- What you have to do: Restate word for word the lines below from the one that has "Đề giữa học" through the one that has "Teknomeg Samsung Galaxy", keeping both and dropping all pictures.

- Entries provided:
* * * * * * *

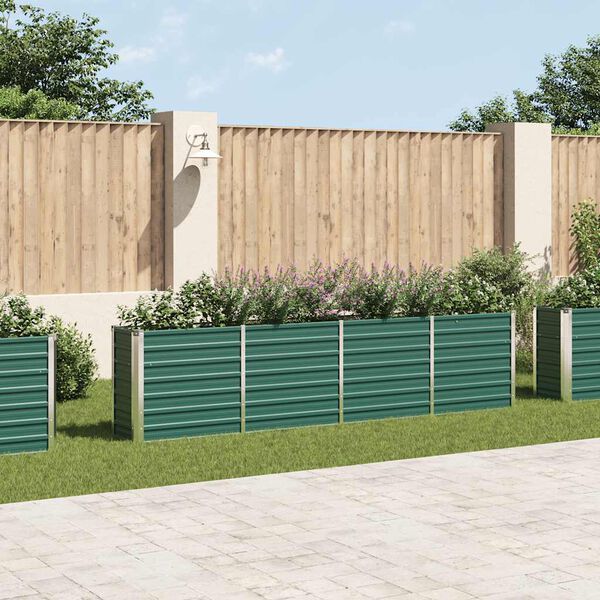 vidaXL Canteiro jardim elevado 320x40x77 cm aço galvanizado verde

* * * * * * *

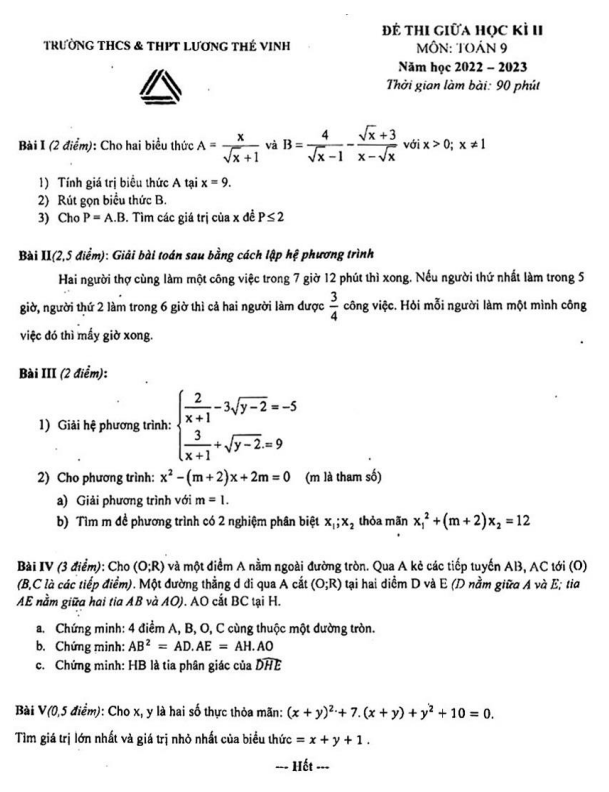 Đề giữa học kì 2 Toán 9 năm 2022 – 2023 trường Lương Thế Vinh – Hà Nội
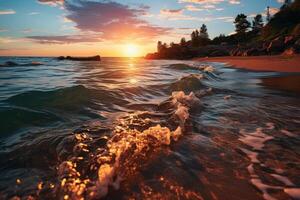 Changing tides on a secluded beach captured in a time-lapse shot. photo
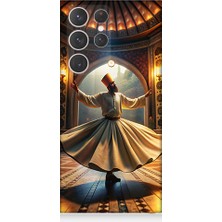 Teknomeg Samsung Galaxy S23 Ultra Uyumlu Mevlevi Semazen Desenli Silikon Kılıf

* * * * * * *

- Task solution:
 Đề giữa học kì 2 Toán 9 năm 2022 – 2023 trường Lương Thế Vinh – Hà Nội
 Changing tides on a secluded beach captured in a time-lapse shot. photo
 Teknomeg Samsung Galaxy S23 Ultra Uyumlu Mevlevi Semazen Desenli Silikon Kılıf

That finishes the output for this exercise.